-- Work to complete --
All lines below starting at the one that holds "Bohemian style wall" and ending at the one that holds "Sunny bathroom with" should be printed exactly, ends included. Pictures should not be printed, nor anything else.

-- Given records --
----------------------------------------

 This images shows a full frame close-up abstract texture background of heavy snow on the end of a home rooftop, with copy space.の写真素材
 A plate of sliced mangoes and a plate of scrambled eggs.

----------------------------------------

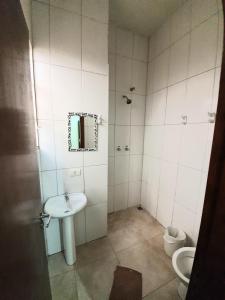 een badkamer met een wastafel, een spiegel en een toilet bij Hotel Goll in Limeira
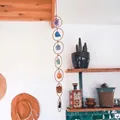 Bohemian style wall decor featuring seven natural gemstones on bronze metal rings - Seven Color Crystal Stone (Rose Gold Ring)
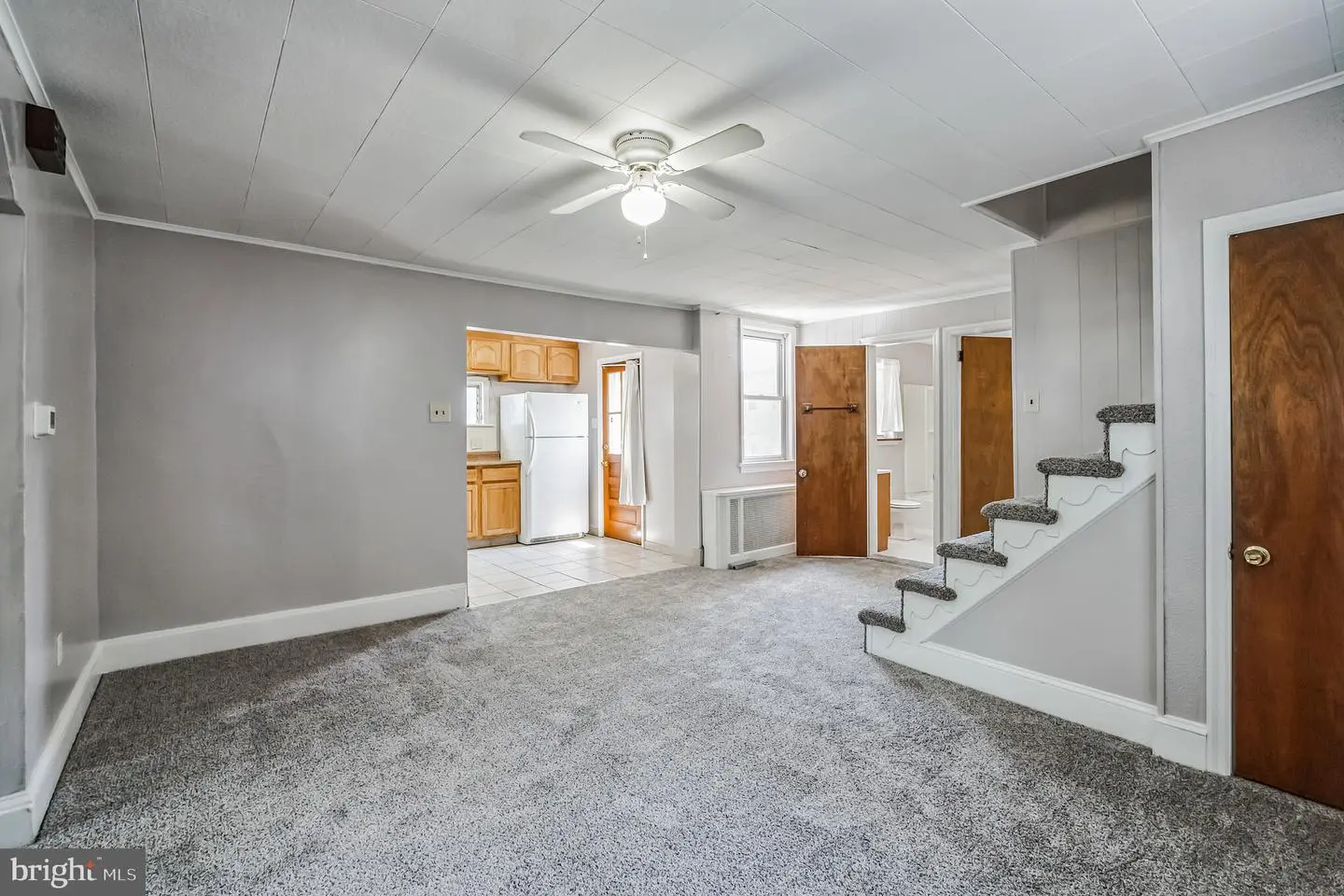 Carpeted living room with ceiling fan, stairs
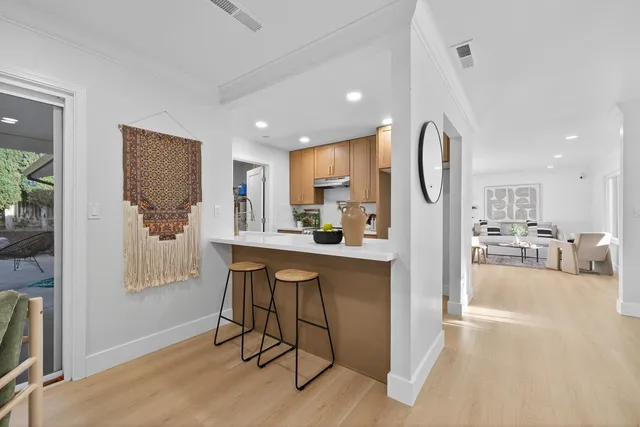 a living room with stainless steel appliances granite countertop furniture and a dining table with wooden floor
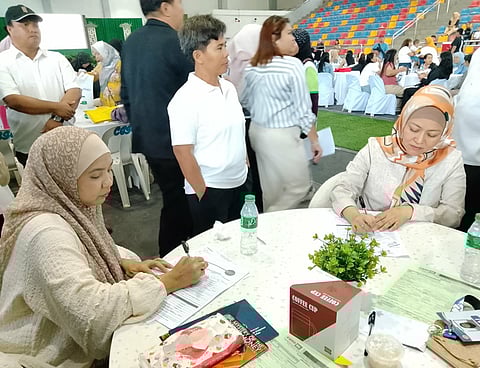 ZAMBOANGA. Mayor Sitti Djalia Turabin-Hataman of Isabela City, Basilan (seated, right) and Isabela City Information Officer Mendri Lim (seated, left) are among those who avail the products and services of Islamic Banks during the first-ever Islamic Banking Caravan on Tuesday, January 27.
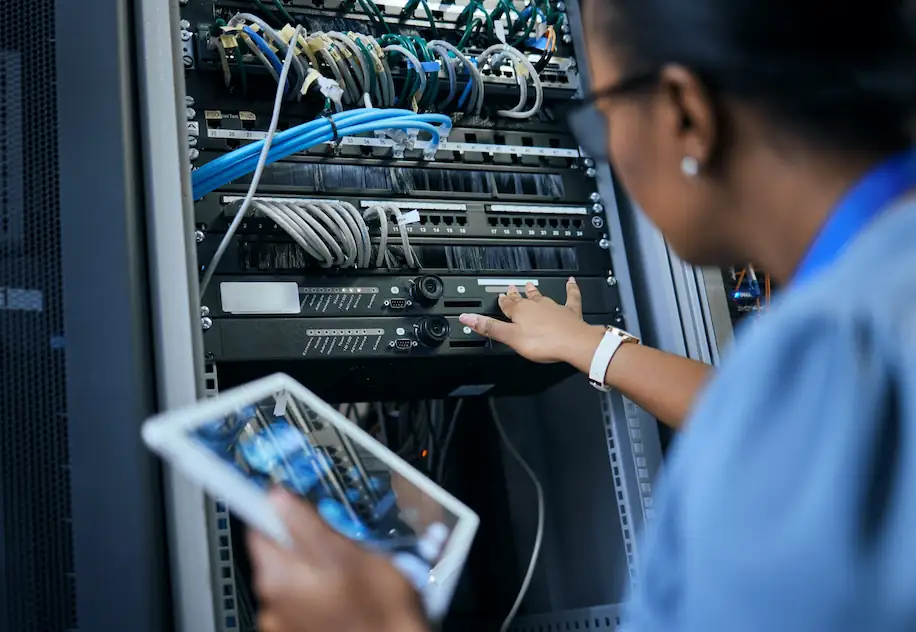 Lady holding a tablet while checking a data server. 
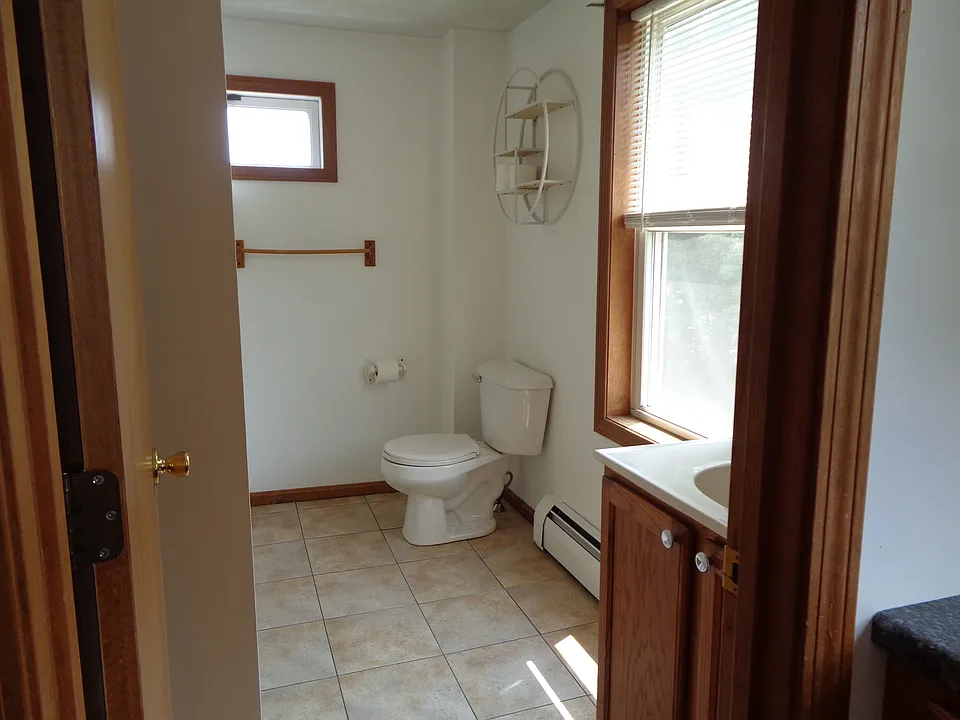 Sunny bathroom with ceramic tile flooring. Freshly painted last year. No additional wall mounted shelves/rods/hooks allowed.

----------------------------------------

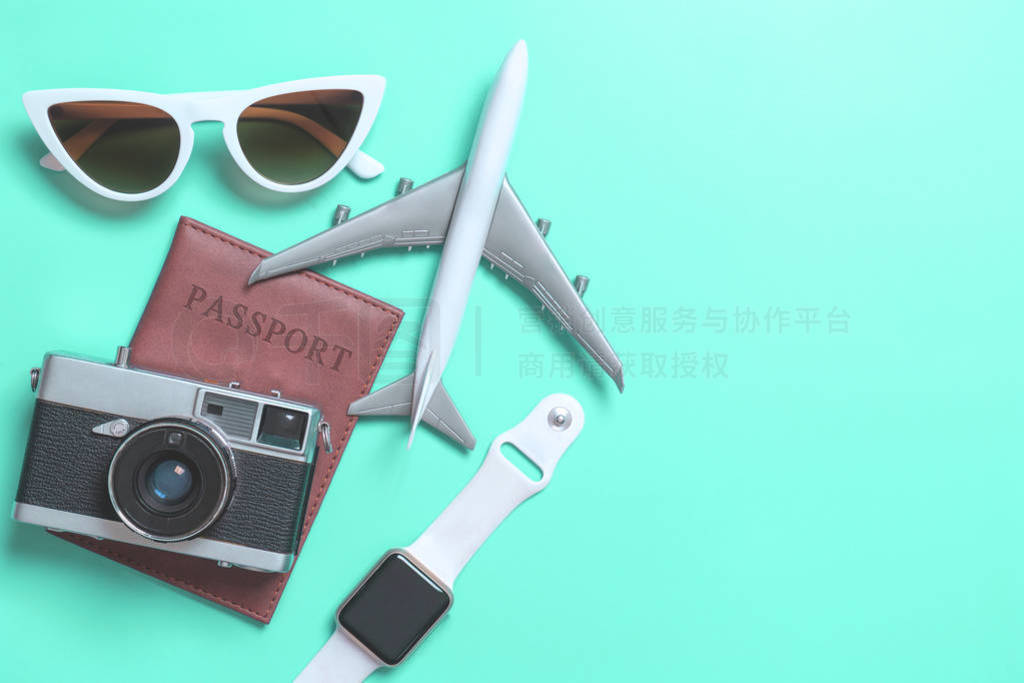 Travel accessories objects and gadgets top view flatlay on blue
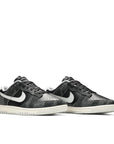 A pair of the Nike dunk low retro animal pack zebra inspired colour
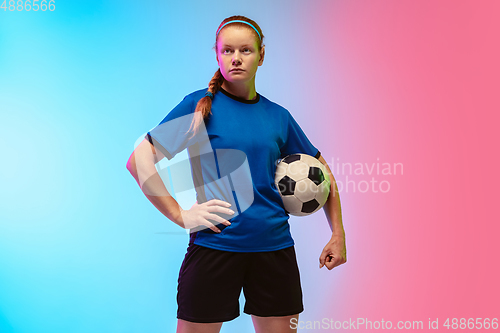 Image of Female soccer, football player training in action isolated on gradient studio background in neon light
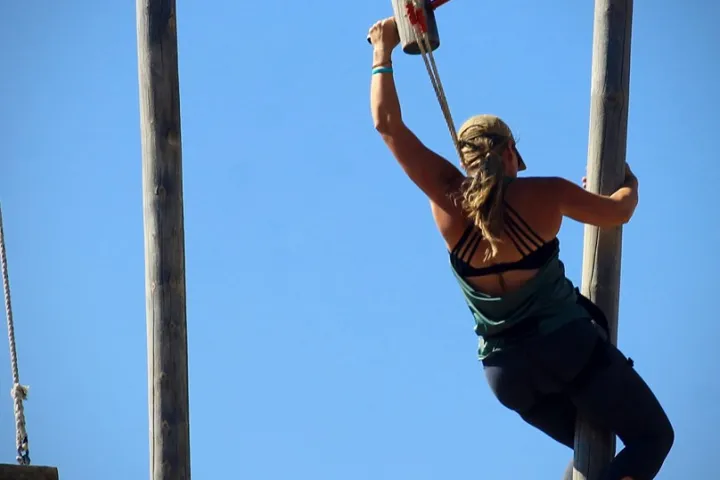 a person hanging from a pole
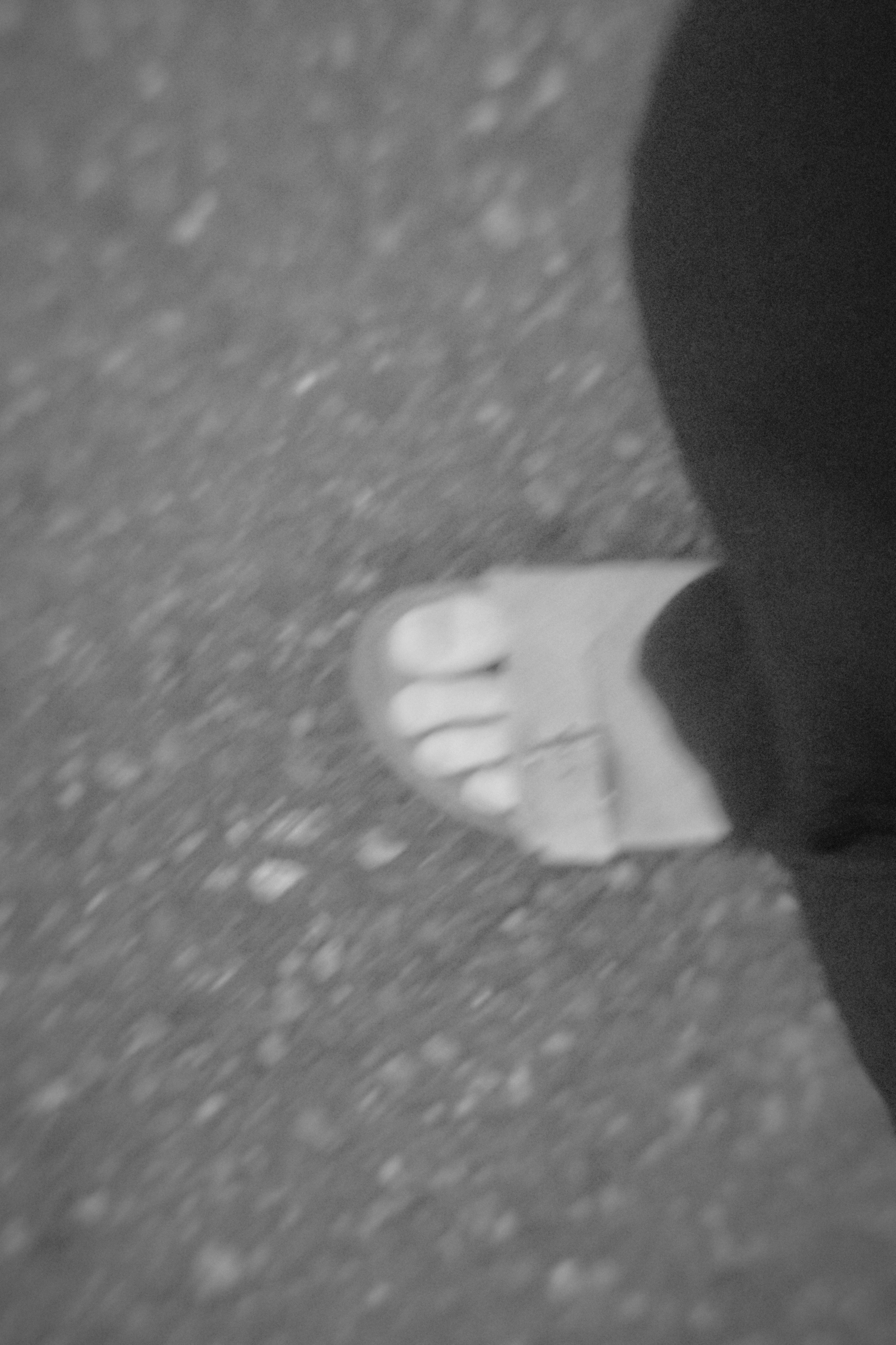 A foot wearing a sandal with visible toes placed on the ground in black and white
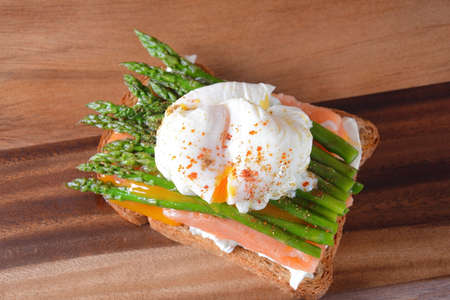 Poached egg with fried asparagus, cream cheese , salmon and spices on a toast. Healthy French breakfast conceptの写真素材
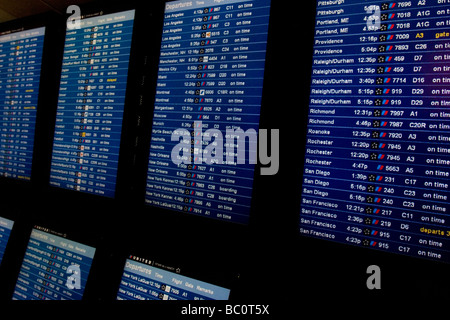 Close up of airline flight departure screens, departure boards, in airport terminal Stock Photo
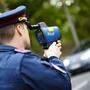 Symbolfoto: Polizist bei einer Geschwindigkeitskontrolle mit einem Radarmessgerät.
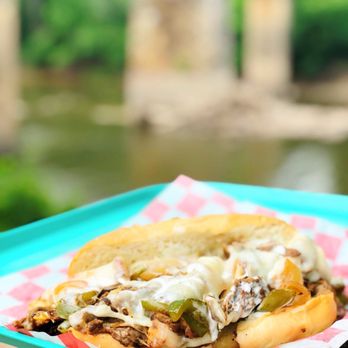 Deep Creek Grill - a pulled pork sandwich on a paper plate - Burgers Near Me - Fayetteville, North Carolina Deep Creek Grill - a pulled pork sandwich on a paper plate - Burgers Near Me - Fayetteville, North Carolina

----------------------------------------

-- Exercise response --
 Bohemian style wall decor featuring seven natural gemstones on bronze metal rings - Seven Color Crystal Stone (Rose Gold Ring)
 Carpeted living room with ceiling fan, stairs
 a living room with stainless steel appliances granite countertop furniture and a dining table with wooden floor
 ZAMBOANGA. Mayor Sitti Djalia Turabin-Hataman of Isabela City, Basilan (seated, right) and Isabela City Information Officer Mendri Lim (seated, left) are among those who avail the products and services of Islamic Banks during the first-ever Islamic Banking Caravan on Tuesday, January 27.
 Lady holding a tablet while checking a data server. 
 Sunny bathroom with ceramic tile flooring. Freshly painted last year. No additional wall mounted shelves/rods/hooks allowed.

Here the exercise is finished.